BUDGET: Charity Definition Delayed
15 May 2013 at 11:35 am
It’s been confirmed in the Federal Budget that the proposed introduction of a statutory definition of charity has been deferred for another six months.
The Federal Government has announced a later start date for the 2011?12 Budget measure Not?for?profit sector reforms — introducing a statutory definition of 'charity'.
This measure will now take effect from 1 January 2014, rather than 1 July 2013 as originally announced.
The Treasurer Wayne Swan says this measure is estimated to have a small but unquantifiable cost to revenue over the forward estimates period.
“The new start date will provide time for the Australian Charities and Not-for-profits Commission to develop guidance for charities regarding the definition.
“The proposed statutory definition of charity preserves common law principles and provides greater clarity and certainty about the meaning of 'charity' and 'charitable purpose',” he said.
The Community Council of Australia says it’s not surprising that the new Definition of Charity legislation has been delayed along with consideration of changes to Fringe Benefit Tax and other tax concessions.
“Any new government reform requiring significant consultation was always going to be difficult to manage this late into the election cycle.

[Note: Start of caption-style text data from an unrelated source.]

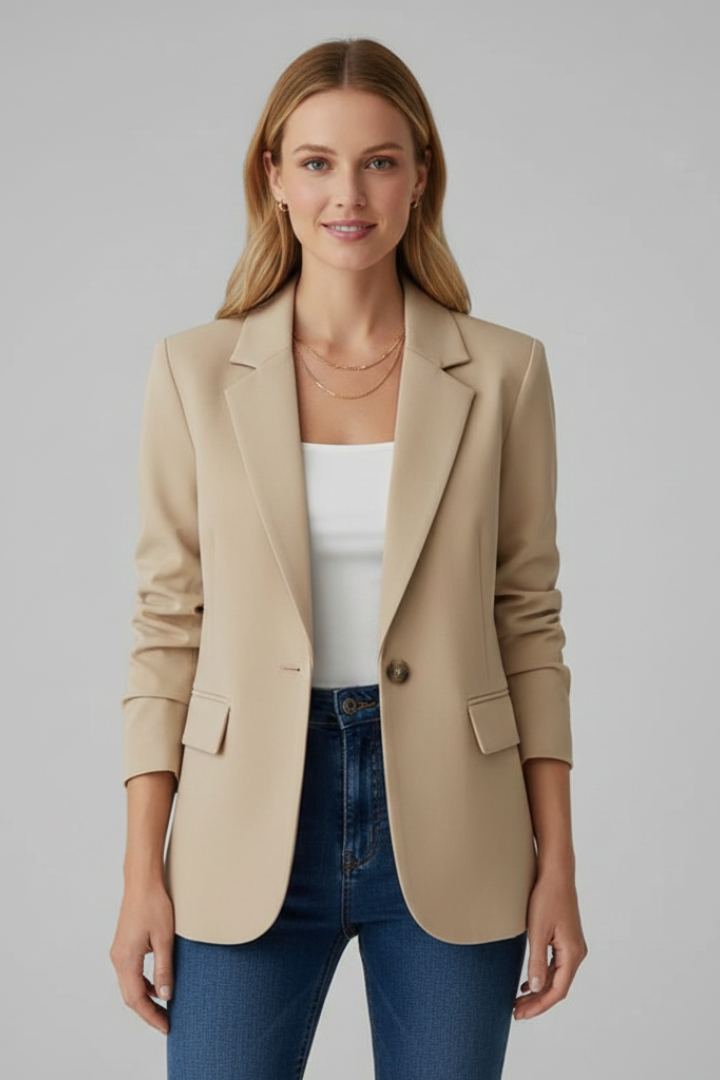Model in beige blazer, white top, jeans, simple background.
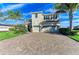 Two-story house with tile roof, three car garage, and palm trees at 16625 5Th E Ave, Bradenton, FL 34212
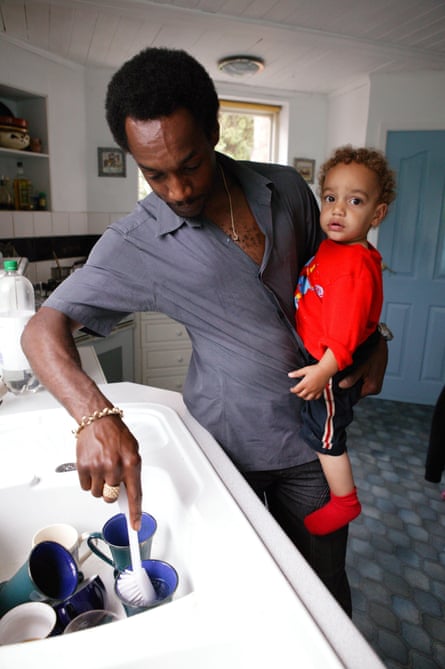 Man washing dishes while holding his young son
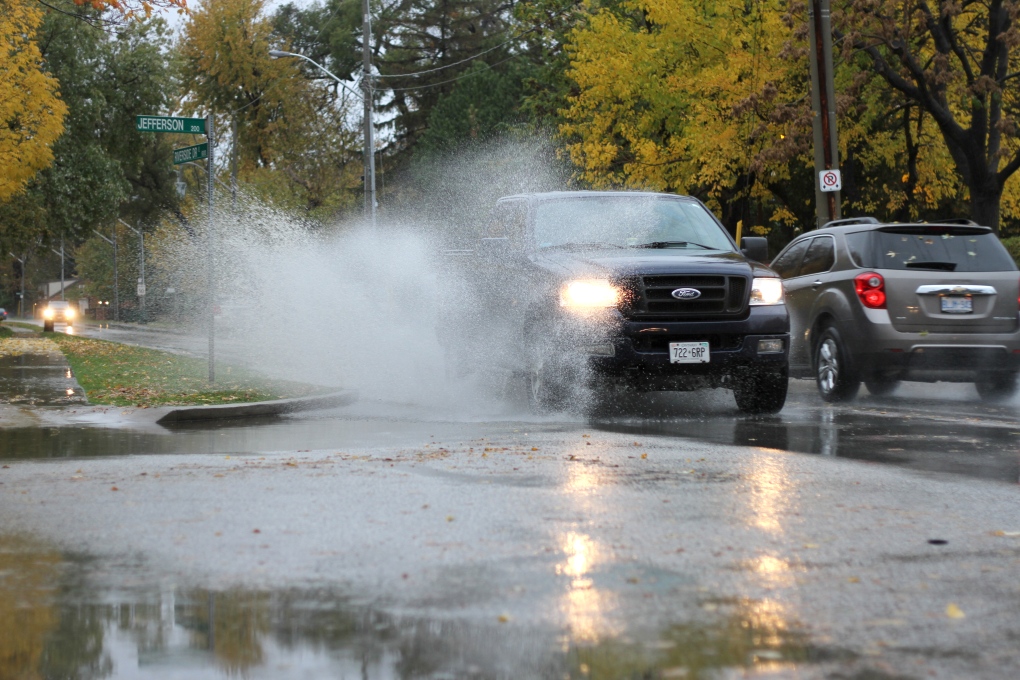A truck splashes through a puddle on Riverside Drive in Windsor, Ont., on Wednesday, Oct. 28, 2015. (Melanie Borrelli / CTV Windsor)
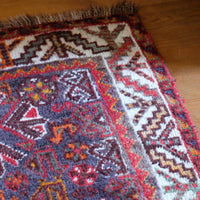 Persian Shiraz rug red ground animal motifs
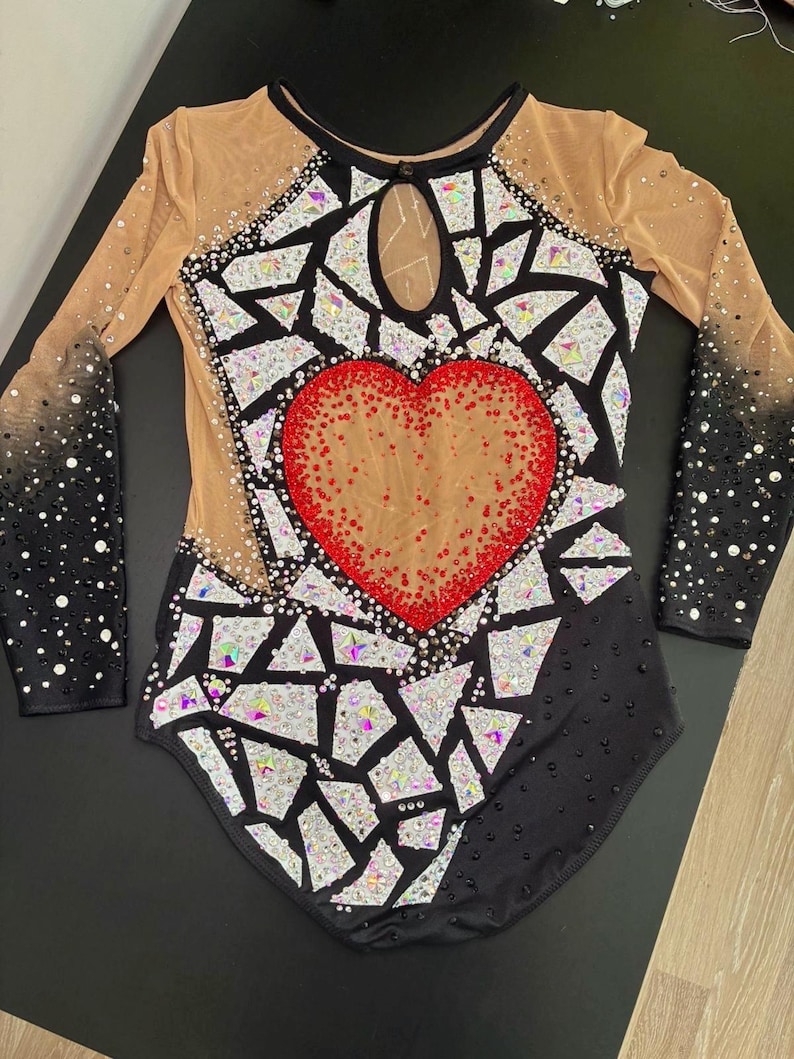 May include: A long-sleeved leotard featuring a black base with a central red heart motif. The garment is decorated with numerous iridescent, geometric, mirror-like shards and scattered crystals. It includes sheer beige mesh panels at the shoulders and chest, with a keyhole neckline and black sleeves that transition into a dense crystal pattern.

The challenge for the current Government is not so much driving more reform, but consolidating changes and selling the benefits of the significant reforms they have already committed to,” CCA CEO, David Crosbie said.
“This is not an easy task given an electorate that seems to have developed a tin ear for political messaging.
“CCA believes that there is now real scope to drive the Not for Profit reform agenda as part of the election agenda, but clearly, there is a very limited appetite for new reforms in what remains of this term of government,” he said.
In April the Federal Government released the long awaited exposure draft legislation for a statutory definition of 'charity' in Australia preserving the common law definition of charity, including the presumption of public benefit for certain charitable purposes.
It also incorporates recent court decisions, such as Aid/Watch Incorporated v Federal Commissioner of Taxation, which extended the circumstances in which a charity may advance public debate.